Mystérieux vol dans les bus et métros lausannois

Les Transports publics lausannois ont été victimes d’un vol de grande envergure dans la nuit de vendredi à samedi.
Les habitants de la ville de Lausanne étaient en émoi ce matin : ce que les internautes ont déjà surnommé « le mystère des barres des TL » était dans toutes les conversations des citadins vaudois, du marché de la Riponne aux quais d’Ouchy, du guet de la Palud en passant par le café du Simplon. Toute la population ne parlait que de ça.
Les habitants de la mégapole vaudoise ont en effet eu une drôle de surprise ce matin en rentrant dans leurs transports publics habituels. Plus une seule barre n’était à sa place. Les bus et métros lausannois étaient vidés d’endroits pour se tenir.

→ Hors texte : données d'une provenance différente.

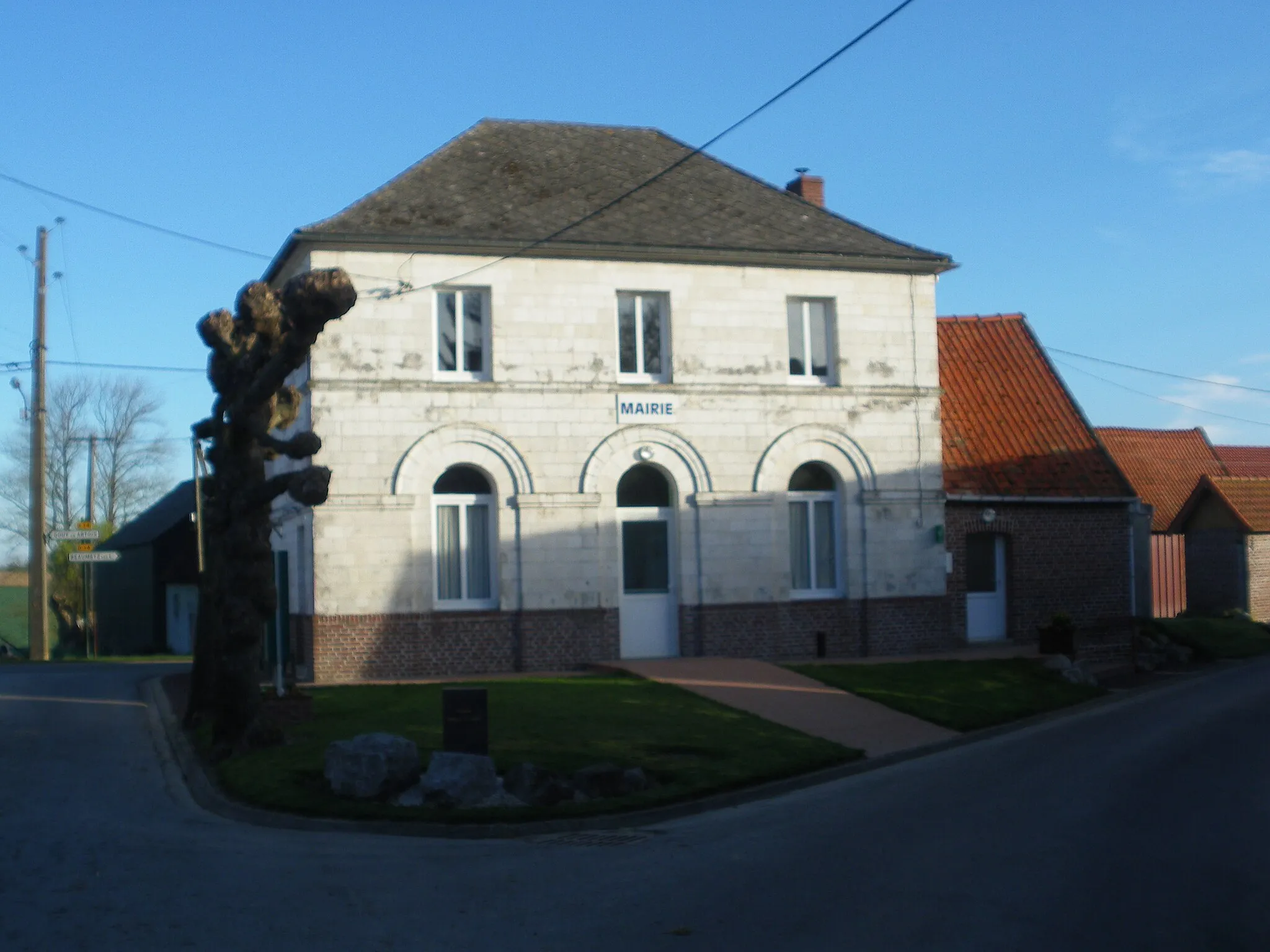 Photo showing: Vue de la mairie de Monchiet.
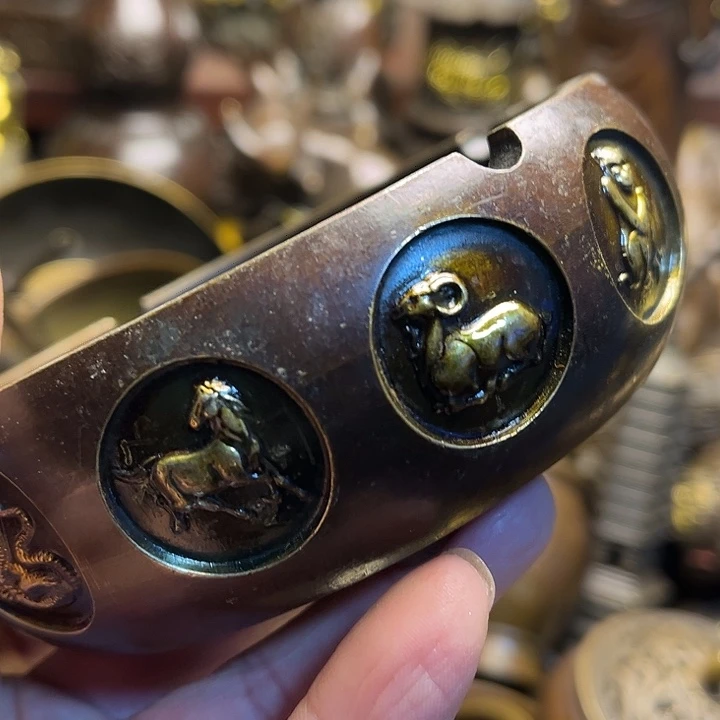 铜器摆件       点击下单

Ces barres, qui sont l’exosquelette du bus, entre lesquelles se faufilent les conversations, derrière lesquelles se cachent des regards, ces phares dans la nuit du déséquilibre, ces piliers salvateurs pour les fêtards imbuvables, ces platanes contre lesquels s’écrasent les maladroits, ces colonnes rassurantes pour l’employé de bureau qui tremble dans la froideur d’un matin d’hiver, ces lits verticaux que les écoliers bénissent de leurs rêves entre deux arrêts, ces éléments essentiels des bus lausannois ont donc disparu, probablement victimes d’un vol dans la nuit de vendredi à samedi.
Cette absence de barres a été un choc pour bon nombre d’usagers. La plupart étaient sur le cul à peine entrés dans le bus, d’autres sont tombés à la renverse en apprenant la nouvelle. « Ce délit odieux a donné lieu à des scènes inhabituelles de déséquilibres et de chutes, affirme le porte-parole des TL, contacté par la rédaction. De nombreuses personnes ont dû agiter les bras en faisant des petits ronds dans l’air avec les mains pour essayer de se rattraper. Ça a été une dure journée pour tous les Lausannois. » Les urgences du CHUV sont d’ailleurs débordées par les cas de blessures légères dues aux chutes.

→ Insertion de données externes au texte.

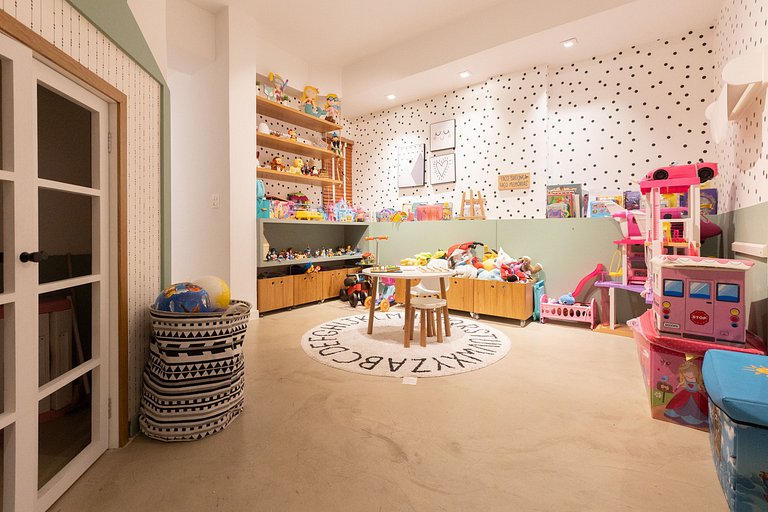 Leblon | Cobertura 750m² Beira Mar, Piscina, Sauna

Lors du point presse organisé en urgence, le directeur des TL Michel Joye tirait la gueule. Il raconte une matinée dont il se serait bien passé : « c’est Jean-Pascal Dussey, le brave conducteur de la ligne 4, qui m’a averti lorsqu’il a commencé son service ce matin à 5h. Il a constaté le vol en entrant dans son véhicule. Nous avons rapidement appelé les chauffeurs des autres lignes mais c’était inutile, tous étaient face au même problème. » Le voleur avait sévi sur toutes les lignes. Le directeur continue : « il fallait réagir. Prendre une décision rapidement. Nous avons d’abord voulu installer des barres de rechange mais nos entrepôts ont également été vidés dans la nuit. Je pense que nous avons affaire à un groupuscule terroriste très organisé et qui avait prémédité son crime. Cela pourrait très bien être un coup de Boko Haram, Occupy Mon Repos ou encore les TPG qui ont de bonnes raisons de nous en vouloir. »
« Les pistes sont multiples, ajoute l’inspecteur-chef Panchaud. Tout semble indiquer qu’on a affaire à un voleur mais nos limiers ne rejettent aucune autre hypothèse. Cela pourrait très bien être un coup marketing de la Fédération suisse de Pole dance, un problème technique dû à l’âge avancé du matériel en question ou encore le résultat d’un chagrin d’amour d’un magicien. Quoi qu’il en soit, le responsable sera puni. »
Ne pouvant pas retarder l’ensemble du service, le comité a décidé pour le moment de maintenir les lignes. « Mais nous nous réservons le droit de stopper tout le trafic si cela doit permettre de trouver le coupable », ajoute, furieux, Michel Joye.
De son côté, la police a ouvert une enquête ce matin, dès qu’elle a été prévenue du vol. Le ministère public vaudois a tenté d’étouffer l’affaire mais devant l’ampleur du délit – et avec l’aide des réseaux sociaux – toute la ville était rapidement au courant. La police a d’ailleurs lancé un appel à témoin : toute personne ayant aperçu un individu à l’aspect louche, mal rasé, portant un bandeau noir avec des petits trous pour les yeux, une lampe de poche et transportant un baluchon avec des centaines de milliers de barres en métal dedans est priée de contacter la police.
 

Morale de l’histoire : Il ne faut pas confondre cambriolage prémédité et vol plané.